*To do:* The full listing is to be written out again, unchanged.

*Exercise inputs:*
'''
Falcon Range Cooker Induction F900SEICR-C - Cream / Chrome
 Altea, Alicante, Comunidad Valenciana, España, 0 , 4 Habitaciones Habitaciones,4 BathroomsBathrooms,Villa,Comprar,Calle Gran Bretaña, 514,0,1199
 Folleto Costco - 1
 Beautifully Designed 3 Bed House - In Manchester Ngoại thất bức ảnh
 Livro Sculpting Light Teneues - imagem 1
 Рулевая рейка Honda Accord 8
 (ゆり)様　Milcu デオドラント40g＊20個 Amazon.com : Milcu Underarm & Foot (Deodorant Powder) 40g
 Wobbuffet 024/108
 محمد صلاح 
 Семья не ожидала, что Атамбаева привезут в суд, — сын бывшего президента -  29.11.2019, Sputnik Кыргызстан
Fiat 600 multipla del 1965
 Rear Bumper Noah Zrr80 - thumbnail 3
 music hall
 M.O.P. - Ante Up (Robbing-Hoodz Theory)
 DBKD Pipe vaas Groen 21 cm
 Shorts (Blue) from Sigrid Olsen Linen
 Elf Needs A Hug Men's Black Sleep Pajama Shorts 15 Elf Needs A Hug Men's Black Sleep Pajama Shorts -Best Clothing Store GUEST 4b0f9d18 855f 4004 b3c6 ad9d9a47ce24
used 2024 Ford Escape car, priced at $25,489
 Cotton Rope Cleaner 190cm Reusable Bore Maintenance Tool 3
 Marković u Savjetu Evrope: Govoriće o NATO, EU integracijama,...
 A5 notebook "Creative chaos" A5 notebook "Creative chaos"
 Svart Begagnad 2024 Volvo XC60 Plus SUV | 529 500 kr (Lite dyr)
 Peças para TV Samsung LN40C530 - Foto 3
'''
*Response to this task:*
Falcon Range Cooker Induction F900SEICR-C - Cream / Chrome
 Altea, Alicante, Comunidad Valenciana, España, 0 , 4 Habitaciones Habitaciones,4 BathroomsBathrooms,Villa,Comprar,Calle Gran Bretaña, 514,0,1199
 Folleto Costco - 1
 Beautifully Designed 3 Bed House - In Manchester Ngoại thất bức ảnh
 Livro Sculpting Light Teneues - imagem 1
 Рулевая рейка Honda Accord 8
 (ゆり)様　Milcu デオドラント40g＊20個 Amazon.com : Milcu Underarm & Foot (Deodorant Powder) 40g
 Wobbuffet 024/108
 محمد صلاح 
 Семья не ожидала, что Атамбаева привезут в суд, — сын бывшего президента -  29.11.2019, Sputnik Кыргызстан
Fiat 600 multipla del 1965
 Rear Bumper Noah Zrr80 - thumbnail 3
 music hall
 M.O.P. - Ante Up (Robbing-Hoodz Theory)
 DBKD Pipe vaas Groen 21 cm
 Shorts (Blue) from Sigrid Olsen Linen
 Elf Needs A Hug Men's Black Sleep Pajama Shorts 15 Elf Needs A Hug Men's Black Sleep Pajama Shorts -Best Clothing Store GUEST 4b0f9d18 855f 4004 b3c6 ad9d9a47ce24
used 2024 Ford Escape car, priced at $25,489
 Cotton Rope Cleaner 190cm Reusable Bore Maintenance Tool 3
 Marković u Savjetu Evrope: Govoriće o NATO, EU integracijama,...
 A5 notebook "Creative chaos" A5 notebook "Creative chaos"
 Svart Begagnad 2024 Volvo XC60 Plus SUV | 529 500 kr (Lite dyr)
 Peças para TV Samsung LN40C530 - Foto 3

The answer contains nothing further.